• [What you have to do]
Look through the entries below for the line with "EMODA（エモダ）の「スー" and the line with "Modern Living Room", then give again exactly those two lines and all lines between them, minus the pictures.

• [Source records]
---
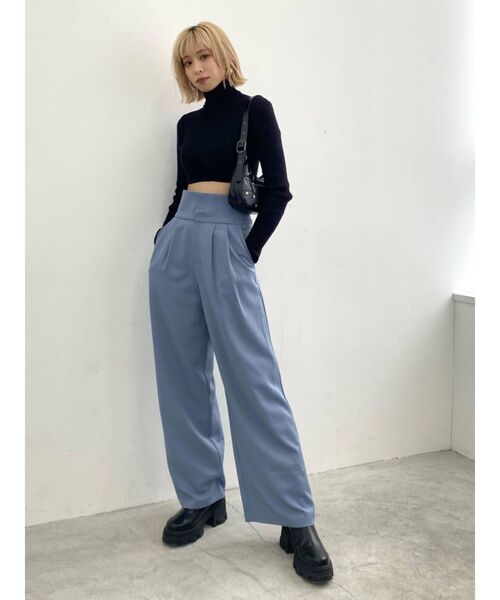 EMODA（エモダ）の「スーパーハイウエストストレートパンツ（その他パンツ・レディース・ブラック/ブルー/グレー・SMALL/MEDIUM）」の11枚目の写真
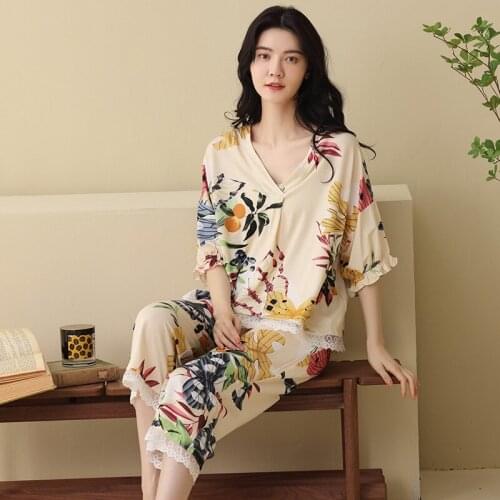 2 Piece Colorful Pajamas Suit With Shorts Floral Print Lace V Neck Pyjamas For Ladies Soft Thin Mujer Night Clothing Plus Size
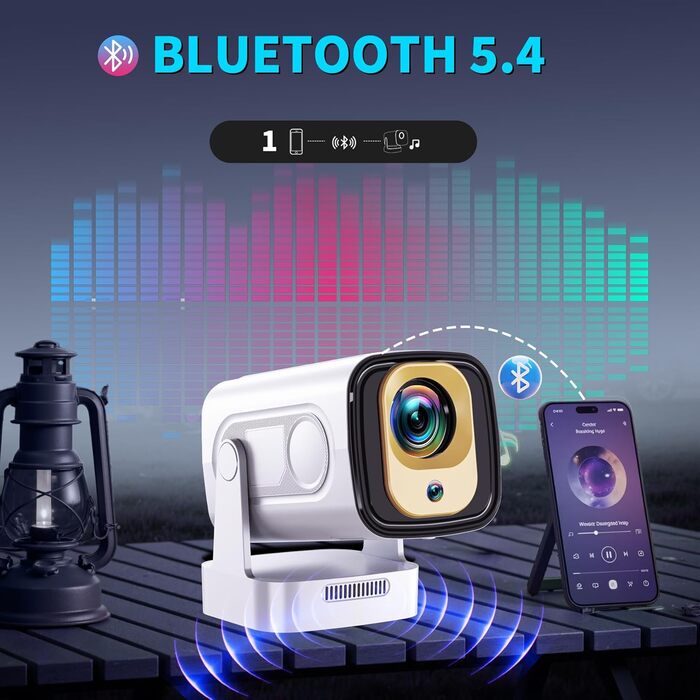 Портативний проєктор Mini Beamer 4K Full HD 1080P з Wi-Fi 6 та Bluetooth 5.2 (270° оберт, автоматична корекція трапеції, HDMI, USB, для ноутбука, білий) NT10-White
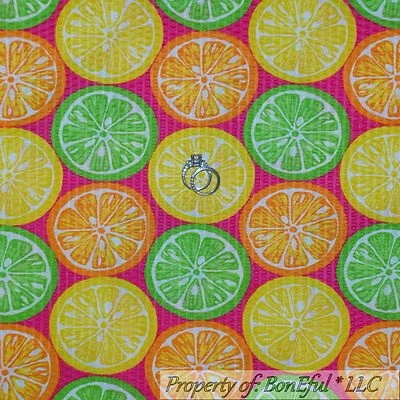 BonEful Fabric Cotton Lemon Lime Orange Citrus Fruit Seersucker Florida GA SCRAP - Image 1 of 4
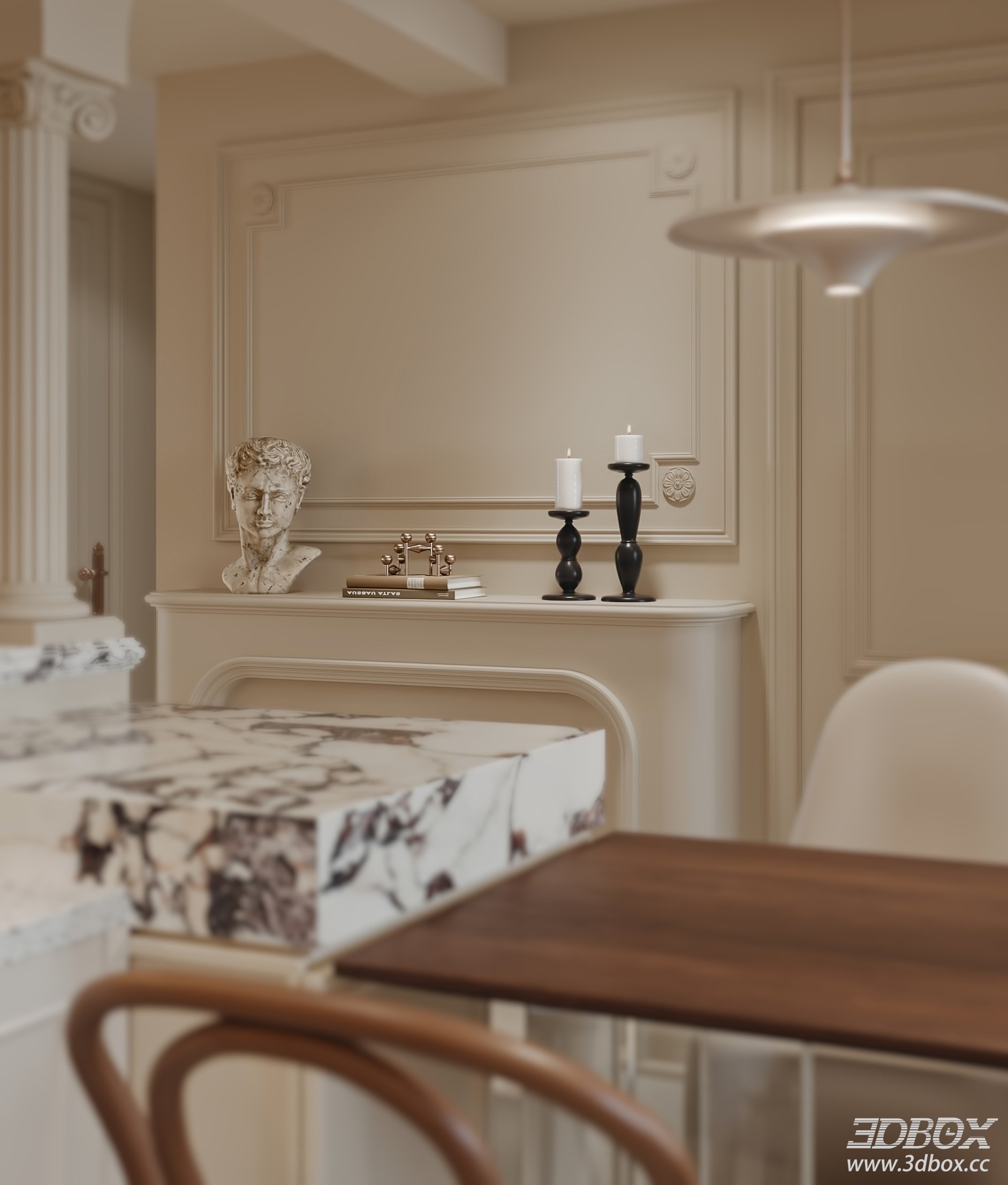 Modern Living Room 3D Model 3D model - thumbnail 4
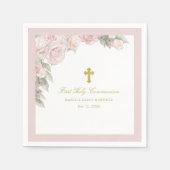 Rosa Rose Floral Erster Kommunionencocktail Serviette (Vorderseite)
---
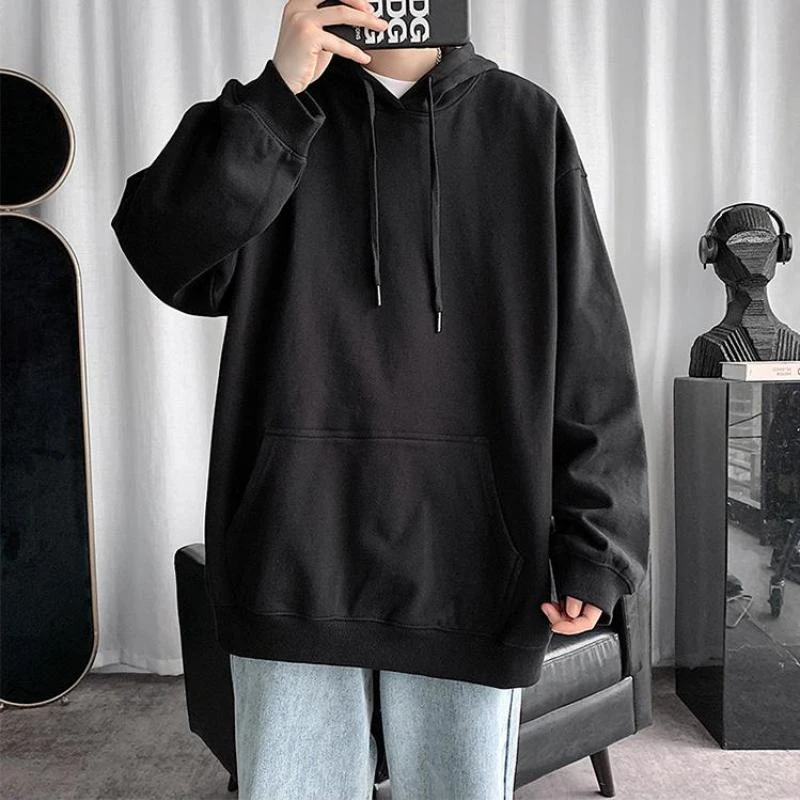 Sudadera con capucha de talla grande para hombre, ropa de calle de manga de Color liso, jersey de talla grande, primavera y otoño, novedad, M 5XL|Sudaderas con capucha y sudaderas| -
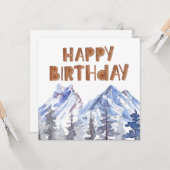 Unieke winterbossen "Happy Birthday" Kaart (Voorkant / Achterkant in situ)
---
• [Result below]
 EMODA（エモダ）の「スーパーハイウエストストレートパンツ（その他パンツ・レディース・ブラック/ブルー/グレー・SMALL/MEDIUM）」の11枚目の写真
 2 Piece Colorful Pajamas Suit With Shorts Floral Print Lace V Neck Pyjamas For Ladies Soft Thin Mujer Night Clothing Plus Size
 Портативний проєктор Mini Beamer 4K Full HD 1080P з Wi-Fi 6 та Bluetooth 5.2 (270° оберт, автоматична корекція трапеції, HDMI, USB, для ноутбука, білий) NT10-White
 BonEful Fabric Cotton Lemon Lime Orange Citrus Fruit Seersucker Florida GA SCRAP - Image 1 of 4
 Modern Living Room 3D Model 3D model - thumbnail 4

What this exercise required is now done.